Morta la leggenda della boxe

La boxe perde una leggenda

Si è spento a 66 anni Marvin Hagler, leggenda della boxe, nella categoria dei pesi medi.

è stato uno dei più grandi pesi medi di tutti i tempi. indimenticabili le sue battaglie, con Vito Antuofermo, Thomas Hearns, Sugar Ray Leonard

il soprannome lo descriveva alla perfezione: ‘The Marvelous’, ‘Il Meraviglioso’. Meravigliosa era la sua tecnica, meravigliosa era la sua forza di carattere sul ring, la capacità di tenere duro per arrivare ai vertici anche nei momenti di difficoltà.
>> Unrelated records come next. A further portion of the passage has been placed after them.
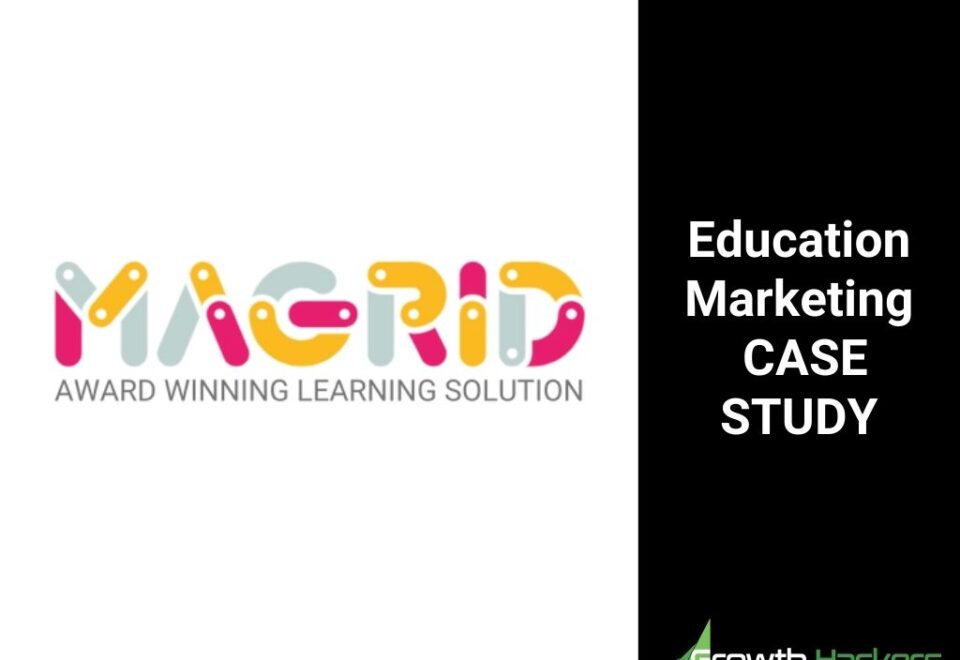 EdTech Marketing Case Study | How We Helped This Online Education Organization Enroll 48K+ Students Globally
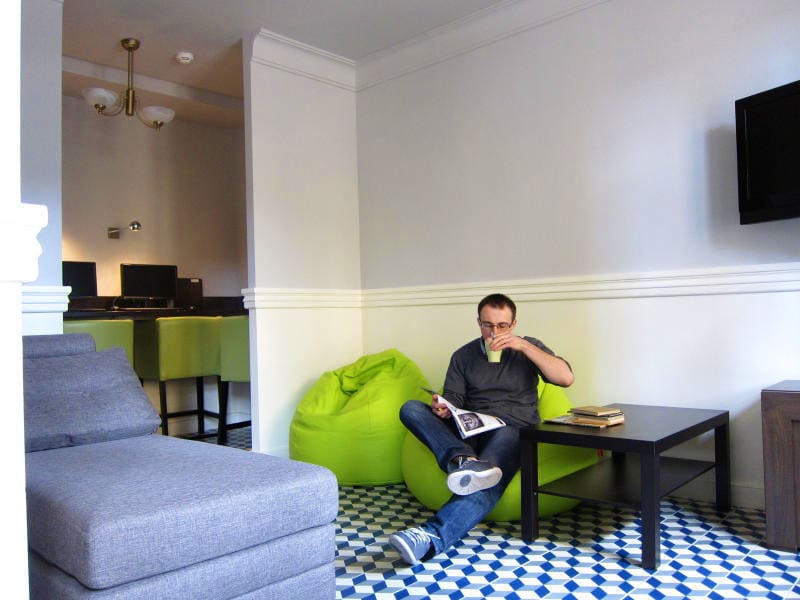 Hostel Image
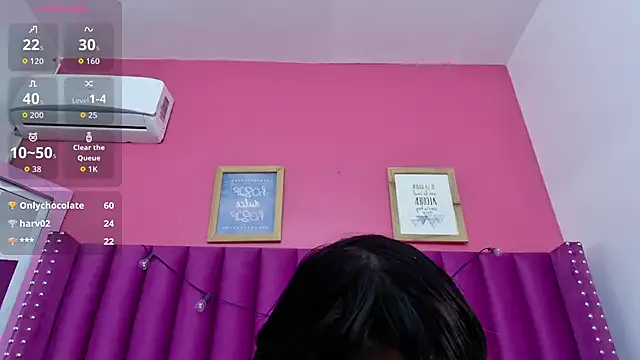 StripChat cosplaydate is Freechat cosplaydate — finger on asshole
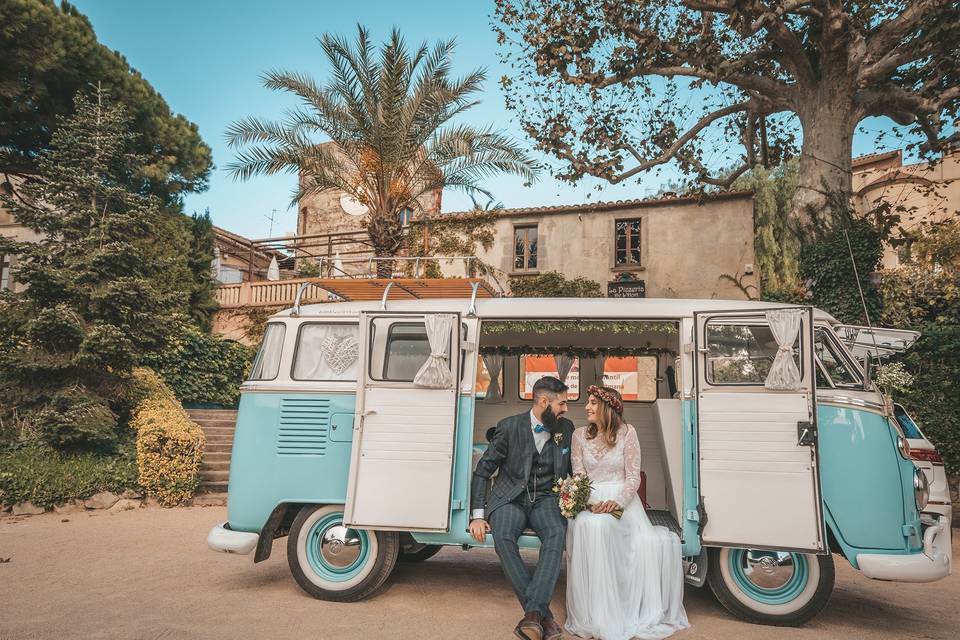 Kombi with Love - Fotomatón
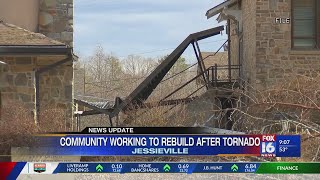 Jessieville Superintendent provides updates following damage from Mondays tornado [upl. by Nima]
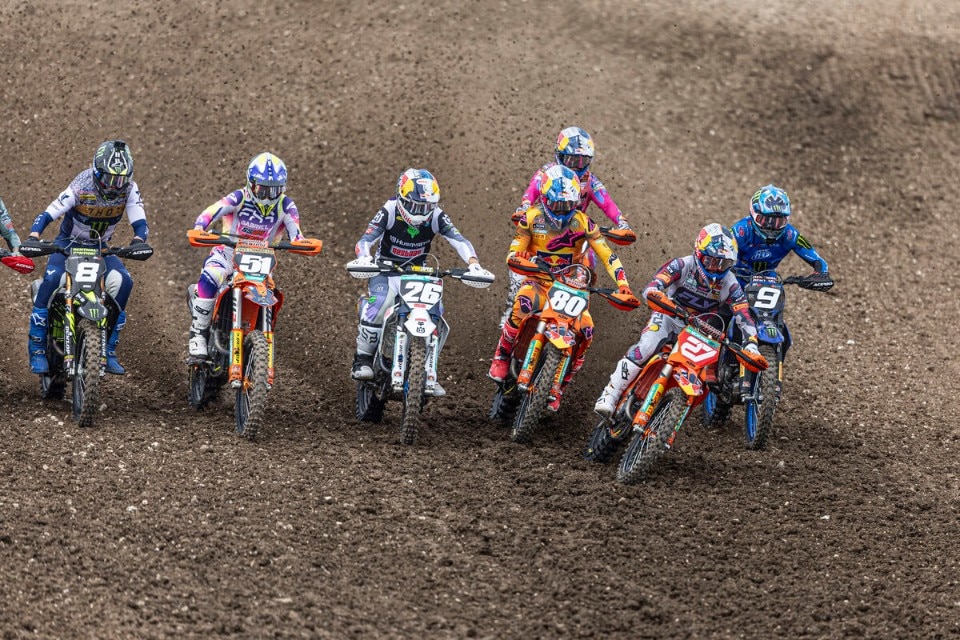 MXGP Gran Bretagna: vincono Febvre e Längenfelder. Ma che Cairoli! - VIDEO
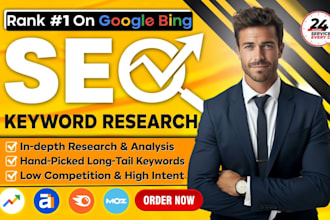 do advanced SEO keyword research for your niche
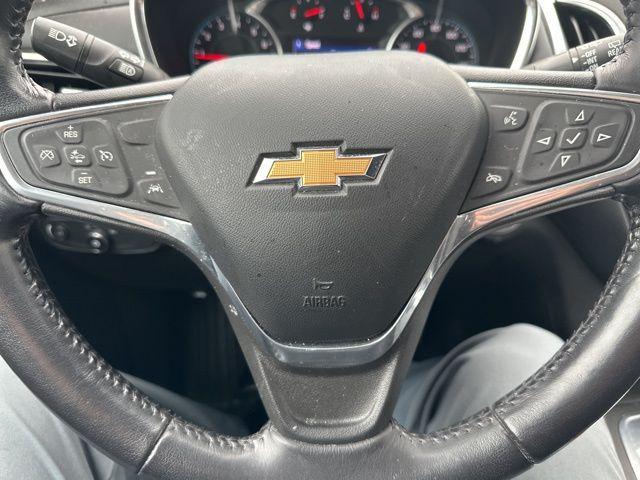 used 2022 Chevrolet Equinox car, priced at $21,500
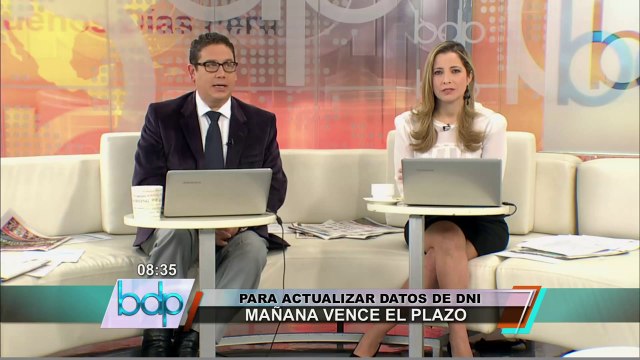 Conozca los requisitos para actualizar datos del Documento Nacional de Identidad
Mancino, potente. La boxe ce l’aveva nel sangue, probabilmente da quando, all’età di 13 anni, si trasferì con la famiglia a Brockton, città nota per aver dato i natali al grandissimo Rocky Marciano.
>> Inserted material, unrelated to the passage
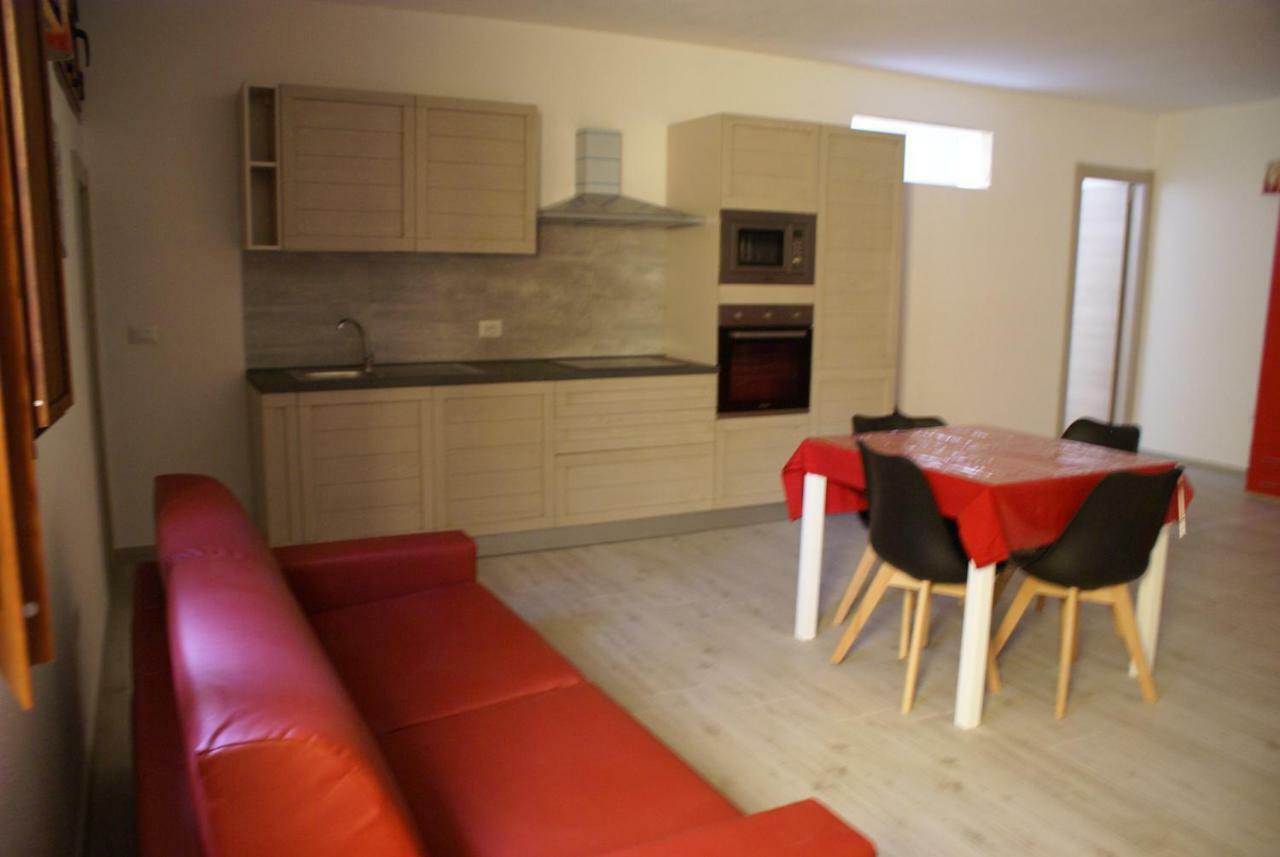 Casa Mariolu 2 Apartment Cala Gonone Luaran gambar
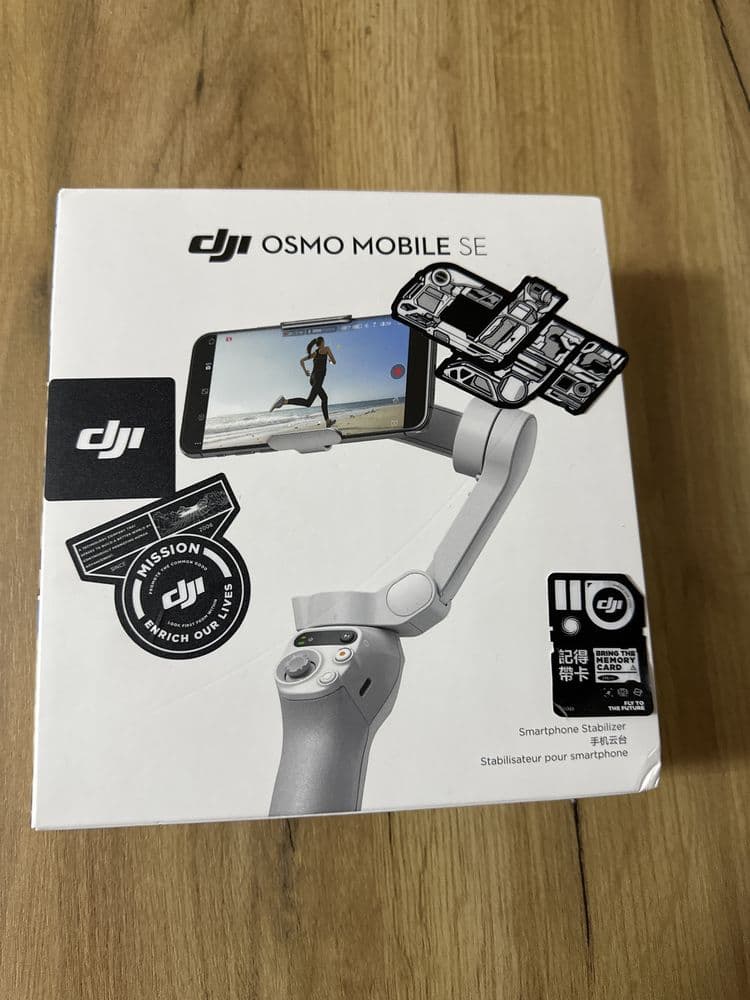 DJI osmo mobile se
Come nelle storie più belle, una gavetta interminabile, dovette aspettare ben 6 anni e 49 incontri per battersi per il titolo mondiale. Un’attesa incredibile, soprattutto se paragonata a quella di qualche pugile attuale che, anche per il proliferare delle sigle, ha la grande chance dopo pochi match. Quella chance Hagler la ottenne per il 30 novembre 1979, una data che lo scolpì nella memoria degli appassionati italiani. Contro Vito Antuofermo, nato a Palo del Colle emigrato negli Stati Uniti, fu una battaglia selvaggia. Dopo 15 riprese Hagler l’aveva spuntata, ma un finale commovente di Antuofermo, ridotto ad una maschera di sangue (ricordiamo che Antuofermo aveva le sopracciglia “delicate” tendeva molto al sanguinamento, tant’è che risulta il pugile con il record di punti al volto nella sua carriera, ben 359 punti) convinse i giudici a dare il match pari, lasciando il titolo nelle mani dell’italiano che ne era detentore.

Il titolo

Ma l’appuntamento fu solo rinviato. Hagler quella corona se la prese di forza nel 1980 alla Wembley Arena di Londra, quando distrusse un inglese dagli occhi di ghiaccio, Alan Minter, che due anni prima con i suoi colpi aveva causato la morte del pugile di Tarquinia Angelo Jacopucci. In una notte intrisa di razzismo, molti aderenti al National Front, vedendo il loro pugile distrutto in tre round, scatenarono l’inferno lanciando sul ring qualunque cosa capitasse tra le loro mani

Ma ormai il titolo era di Hagler. Ci mise tanto a prenderselo, ma una volta compiuta la missione se lo tenne a lungo, senza mai tirarsi indietro di fronte a nessuno. Sette anni di regno e dodici difese. Affrontò tutti i migliori, da Roberto Duran a Thomas Hearns a John Mugabi

Fino allo spettacolare ma controverso ultimo match, contro Ray Sugar Leonard. Quando i giudici diederò il verdetto a Leonard, si sentì defraudato e disse basta. Smise di boxare.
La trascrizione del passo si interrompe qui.